And more generally, to the fullest extent permitted by law, neither Customer nor NEWZIK and its suppliers and distributors will be liable under the Agreement for (i) indirect, special, incidental, consequential, exemplary or punitive damages, or (ii) loss of use, data, business, revenues or profits (in each case whether direct or indirect), even if the party knew or should have known that such damages were possible and even if a remedy fails of its essential purpose.


To the fullest extent permitted by law, NEWZIK's aggregate liability under the Agreement will not exceed the lesser of 10.000 euros or the amount paid by Customer to NEWZIK hereunder during the twelve months prior to the event giving rise to liability. 

    

It is expressly agreed between the Parties that the provisions of this clause shall continue to apply even in the event of a resolution of this clause by a court decision that has become final.


  1. Disclaimers

The Service is provided "as is" to the fullest extent permitted by law, except as expressly stated in the Agreement, neither the Customer nor NEWZIK make any warranty of any kind, whether express, implied, statutory or otherwise, including warranties of merchantability, fitness for a particular use or non-infringement. The Customer is responsible for using the Service in accordance with the terms set forth herein and backing up any Customer Data on the Service. 


Despite anything to the contrary in the Agreement: (a) the Customer may choose to use beta services at its sole discretion; (b) beta services may not be supported and may be changed at any time without notice; (c) beta services may not be as reliable or available as the Service; (d) beta services have not been subjected to the same security measures and auditing to which the Service has been subjected; and (e) NEWZIK will have no liability arising out of or in connection with beta services – use at your own risk. 
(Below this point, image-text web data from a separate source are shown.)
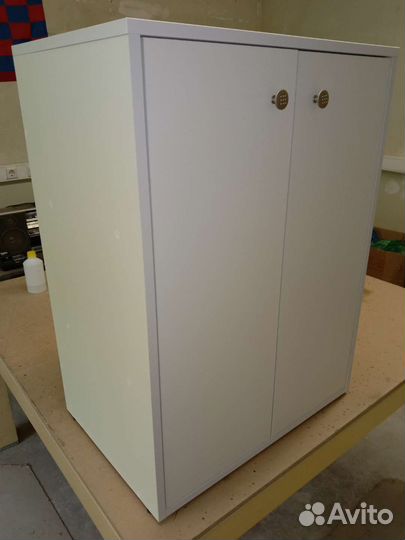Шкаф низкий,новый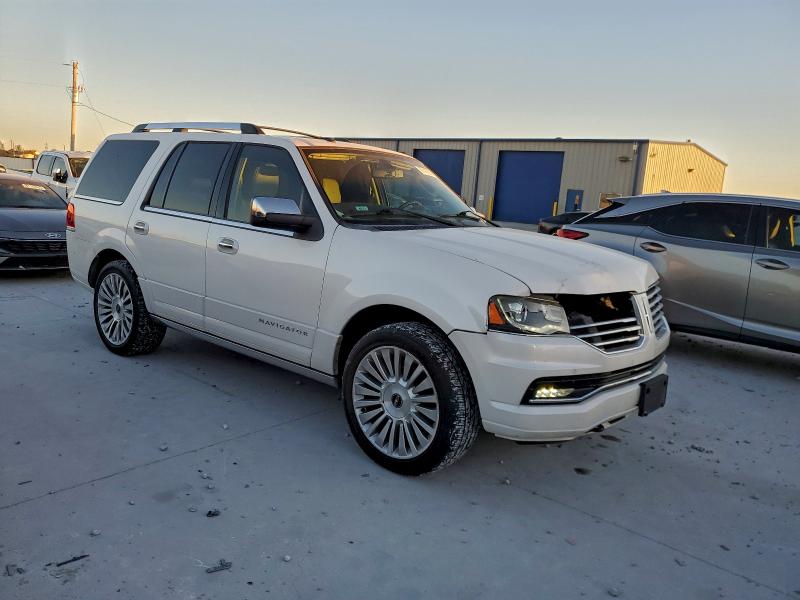 Photo 4 from auction – 2015 LINCOLN NAVIGATOR with VIN 5LMJJ2HT2FEJ13870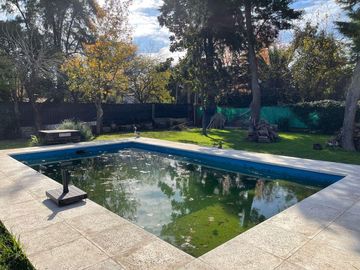 En Venta | Hermosa Casa - Quinta en Moreno con Amplio Parque, Pileta, y Quincho - Sobre calle Faraday y Galileo Galilei - Zona de Quintas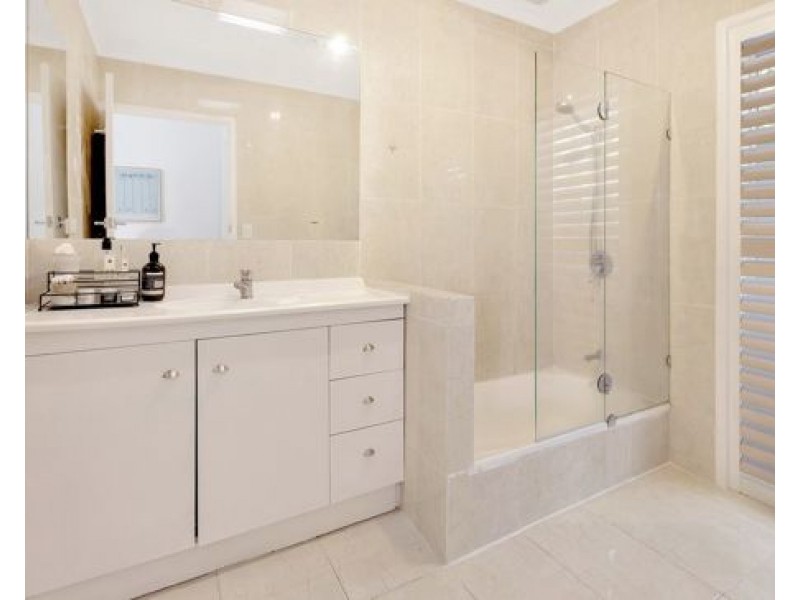 26 Berrigan Street, Southport QLD 4215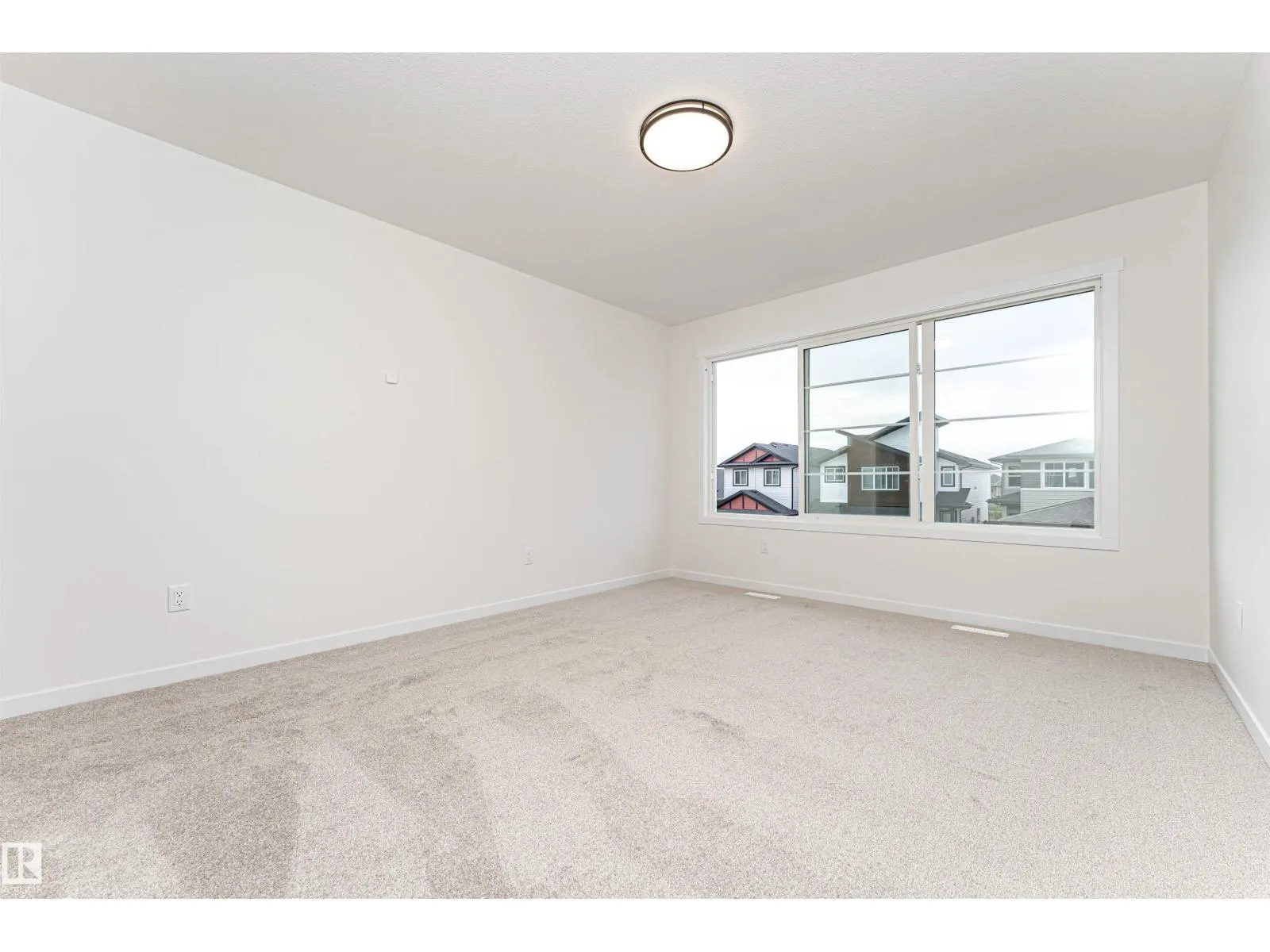 6276 180 AV NW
NEWZIK offers beta services in order to get user feedback. In exchange for using beta services, the Customer agrees that NEWZIK may contact Customer and its Users to obtain feedback regarding beta services. Beta services are confidential until officially launched by NEWZIK. 


  1. Web hosting provider status

The Customer acknowledges NEWZIK’s status as a web hosting provider, as defined under Article 6 I 2° of Law No. 2004-575 of June 21, 2004, regarding Confidence in the Digital Economy. 


NEWZIK shall not moderate, control nor proceed to any advance validation of content uploaded to NEWZIK.


  1. PRICING - PAYMENT

Customer will pay NEWZIK all applicable fees for the Service, in the currency and pursuant to the payment terms indicated on the Order Form. Customer authorizes NEWZIK to charge Customer for all applicable fees using Customer's selected payment method, and Customer will issue the required purchasing documentation. Fees are non-refundable except as required by law or as otherwise specifically permitted in the Agreement. 


If the Customer's account is set to auto-renewal or is in a trial period and the Customer has already provided a method of payment to NEWZIK for the Service, NEWZIK may charge automatically at the end of the trial or for the renewal, unless the Customer notifies NEWZIK that the Customer wants to cancel or disable auto-renewal. 


NEWZIK may revise the Service rates by providing the Customer at least thirty days' notice prior to the next charge. 


The Customer will pay NEWZIK invoices on the payment interval set forth in the Order Form. NEWZIK may suspend or terminate the Service if fees are past due. The Customer will provide complete and accurate billing and contact information to NEWZIK. 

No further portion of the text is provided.